* Work request *
Starting at the line that contains "Ferrari GTC4 Lusso 26", print every remaining line of the entries, unchanged, and output nothing more.

Crawled caption data:
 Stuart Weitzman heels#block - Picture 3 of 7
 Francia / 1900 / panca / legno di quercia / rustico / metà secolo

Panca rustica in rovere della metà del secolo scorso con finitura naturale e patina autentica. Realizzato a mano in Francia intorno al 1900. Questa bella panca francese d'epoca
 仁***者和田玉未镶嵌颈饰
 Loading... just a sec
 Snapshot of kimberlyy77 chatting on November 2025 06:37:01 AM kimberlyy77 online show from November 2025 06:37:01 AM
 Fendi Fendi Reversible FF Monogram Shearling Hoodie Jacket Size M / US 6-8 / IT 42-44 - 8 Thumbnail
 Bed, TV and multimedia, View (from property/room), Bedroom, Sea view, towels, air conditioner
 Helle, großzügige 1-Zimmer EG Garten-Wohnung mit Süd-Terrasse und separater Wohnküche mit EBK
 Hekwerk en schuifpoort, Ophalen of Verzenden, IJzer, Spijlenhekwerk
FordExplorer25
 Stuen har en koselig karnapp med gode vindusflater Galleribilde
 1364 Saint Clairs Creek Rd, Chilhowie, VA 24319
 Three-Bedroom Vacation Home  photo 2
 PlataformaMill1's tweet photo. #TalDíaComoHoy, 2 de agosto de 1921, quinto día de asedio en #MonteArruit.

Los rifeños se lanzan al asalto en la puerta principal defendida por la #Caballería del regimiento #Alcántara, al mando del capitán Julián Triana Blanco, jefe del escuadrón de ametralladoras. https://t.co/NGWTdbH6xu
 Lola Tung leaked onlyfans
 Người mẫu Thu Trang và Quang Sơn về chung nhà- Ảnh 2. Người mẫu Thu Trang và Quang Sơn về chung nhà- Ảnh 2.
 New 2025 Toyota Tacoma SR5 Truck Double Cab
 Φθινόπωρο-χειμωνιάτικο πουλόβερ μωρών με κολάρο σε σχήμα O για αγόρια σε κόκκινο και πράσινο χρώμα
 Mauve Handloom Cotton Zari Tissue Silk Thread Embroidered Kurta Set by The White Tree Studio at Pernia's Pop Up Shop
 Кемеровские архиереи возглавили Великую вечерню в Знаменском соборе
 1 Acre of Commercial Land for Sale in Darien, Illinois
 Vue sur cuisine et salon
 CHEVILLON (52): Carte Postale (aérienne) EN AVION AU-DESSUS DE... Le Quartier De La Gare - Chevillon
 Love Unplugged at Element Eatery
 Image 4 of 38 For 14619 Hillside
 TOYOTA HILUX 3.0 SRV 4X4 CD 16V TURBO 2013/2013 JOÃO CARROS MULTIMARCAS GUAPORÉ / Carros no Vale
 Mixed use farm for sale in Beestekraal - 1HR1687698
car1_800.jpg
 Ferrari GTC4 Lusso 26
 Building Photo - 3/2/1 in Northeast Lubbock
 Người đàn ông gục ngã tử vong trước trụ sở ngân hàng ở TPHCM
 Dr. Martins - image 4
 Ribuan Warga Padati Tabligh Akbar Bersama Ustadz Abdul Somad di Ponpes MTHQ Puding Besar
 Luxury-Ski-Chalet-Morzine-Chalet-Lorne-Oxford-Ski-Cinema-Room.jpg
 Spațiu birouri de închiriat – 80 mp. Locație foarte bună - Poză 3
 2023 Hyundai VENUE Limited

* Your response *
 Ferrari GTC4 Lusso 26
 Building Photo - 3/2/1 in Northeast Lubbock
 Người đàn ông gục ngã tử vong trước trụ sở ngân hàng ở TPHCM
 Dr. Martins - image 4
 Ribuan Warga Padati Tabligh Akbar Bersama Ustadz Abdul Somad di Ponpes MTHQ Puding Besar
 Luxury-Ski-Chalet-Morzine-Chalet-Lorne-Oxford-Ski-Cinema-Room.jpg
 Spațiu birouri de închiriat – 80 mp. Locație foarte bună - Poză 3
 2023 Hyundai VENUE Limited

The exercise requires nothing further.